*Exercise aim*: Please write out all the data that follows exactly, without the pictures.

*Supplied data*:
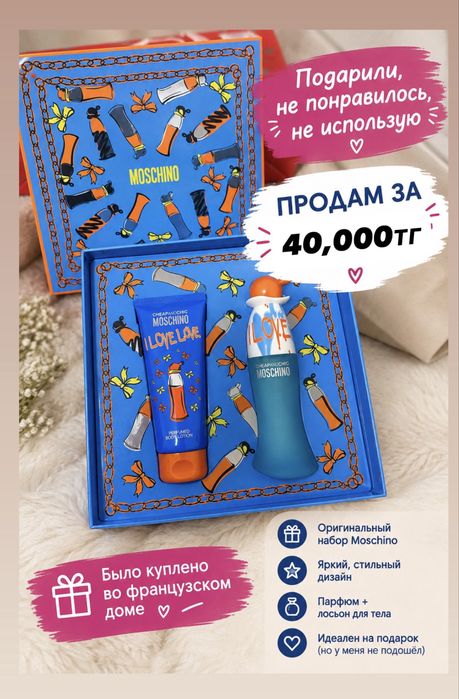 продам ,подарили запах не понравился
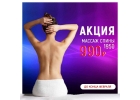 Массаж всего тела 990 р. АКЦИЯ.
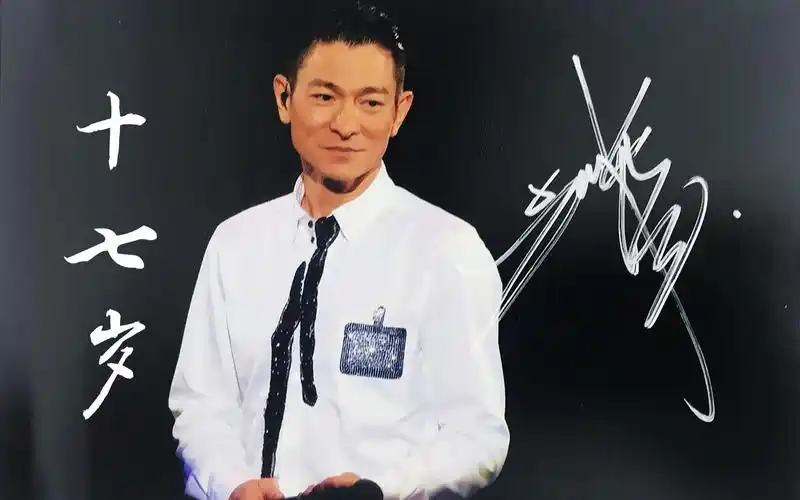 刘德华歌曲《17岁》配上其各个时期经典电影片段,喜欢刘德华的不要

*Task result*:
 продам ,подарили запах не понравился
 Массаж всего тела 990 р. АКЦИЯ.
 刘德华歌曲《17岁》配上其各个时期经典电影片段,喜欢刘德华的不要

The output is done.